I have Bachmann HO train set that is three or four years old and seems cheap and is made of plastic. The controller is already broken. 

I want to get back into running model trains and I like the larger size of the O-scale, but from what I’m reading on here that size is unrealistic and more in the toy category, is this true? 
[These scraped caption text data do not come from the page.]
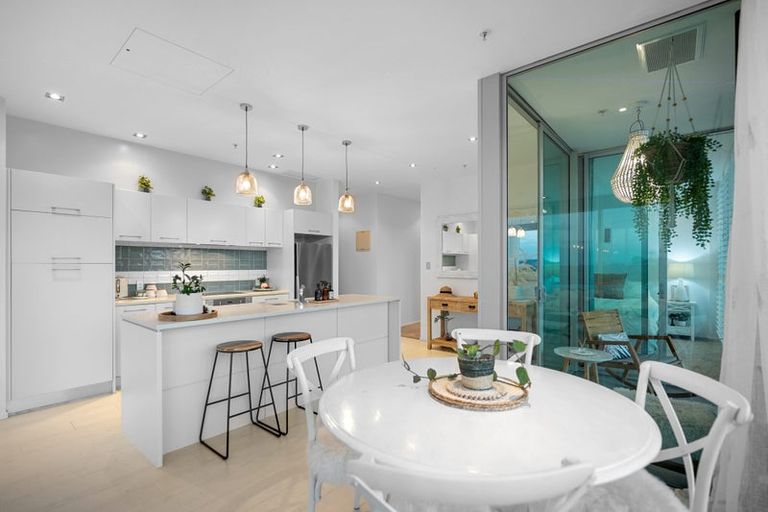 Photo of property in Sentinel Apartments, 1604/3 Northcroft Street, Takapuna, Auckland, 0622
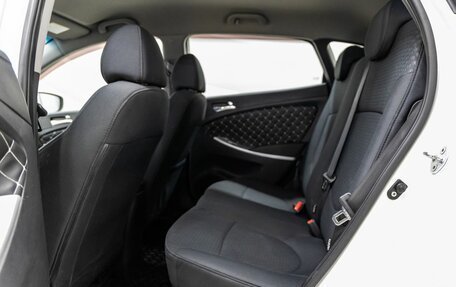 Hyundai Solaris II рестайлинг, 2011 год, 772 000 рублей, 34 фотография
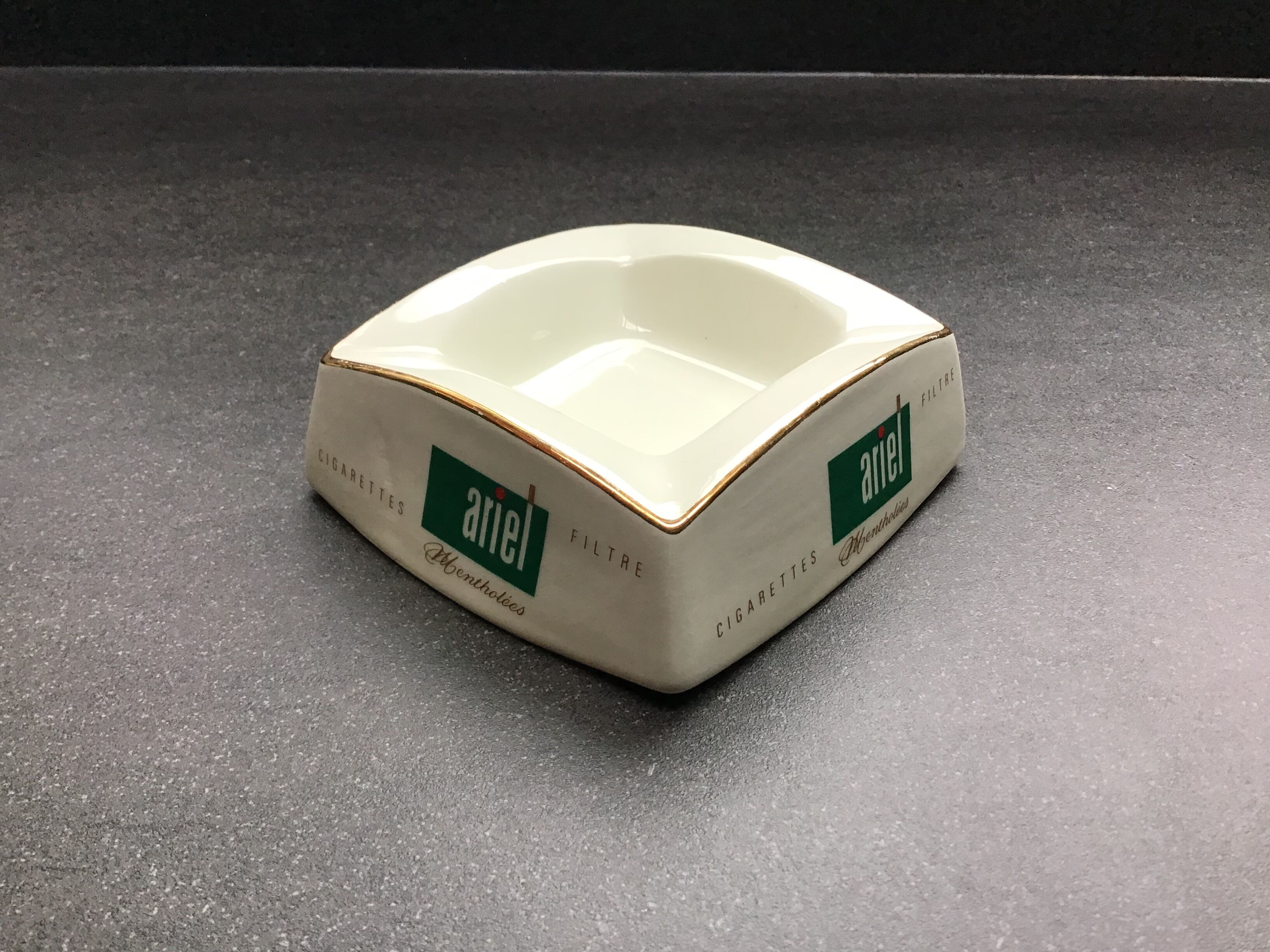 Ariel cigarette advertising ashtray - Faïencerie de Longchamp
The Lionel sets all have child based themes such as Christmas or Disneyland. I’d like a steam locomotive set that is realistic, is this possible? 

Thanks, love this forum.


ETA: I like the polar express set they offer, actually I like the locomotive in it and the cars look like nice passenger cars, but I don’t like the fact that the locomotive says polar express on it.


----------



## Lehigh74 (Sep 25, 2015)

O gauge trains range from toy like to scale models. If you get a set, it will most likely be toy like. But you can get true 1:48 scale models if you are willing to pay the bucks. For example, MTH has the premier line that is scale and their Railking line that is generally not to scale (its made to run on O31 track).


----------



## cole226 (Feb 8, 2013)

*welcome to O gauge/scale*

here's a link to the lionel model of the real life loco that inspired the polar express you like. this one has all the _bells and whistles._

http://www.lionel.com/products/pere-marquette-scale-2-8-4-berkshire-1225-legacy-6-11146/

like this berkshire loco most of the real life locomotives can be had today in various degrees of detail and in most of the road names.

same road name and model of loco in lionels traditional o-27 size with more modest features.

http://www.lionelstore.com/Pere-Marquette-LionChief-Plus-Berkshire-1223

you can even go more up or down scale from there.


----------



## gunrunnerjohn (Nov 10, 2010)

I think my Vision Line CC2S is pretty detailed and it's perfectly scale size. It has stuff like a sound synchronized swinging bell, blowdown steam, whistle steam, and of course chuffing smoke at the proper chuff rate. Sound is great with two Fatboy speakers in the tender...









You can have some vary nice looking O-scale if you want to pay the freight.


----------



## RangemasterP226 (Dec 4, 2017)

Thanks Cole, those engines are beautiful! And expensive. I guess the Polar Express set for around $300 is a good deal and a good starting point? Maybe I can remove the words, "Polar Express" from it?


----------



## RangemasterP226 (Dec 4, 2017)

John that is a thing of beauty...


----------



## gunrunnerjohn (Nov 10, 2010)

Thanks, just pointing out that O-gauge and scale and nicely detailed can go together.  

There's always the Vision Line Big Boy too, a little pricey, but pretty good looking as well, and true 1:48 scale.


----------



## Old_Hobo (Feb 20, 2014)

Be prepared to pay big bucks if you want realistic/scale as opposed to toy-like....and that applies to ALL scales, not just 'O'.....


----------



## gunrunnerjohn (Nov 10, 2010)

Chickenfeed, the Vision Line Big Boy was only $1999.00  I did get a good deal on the CC2S used, so that one was a whole lot less.


----------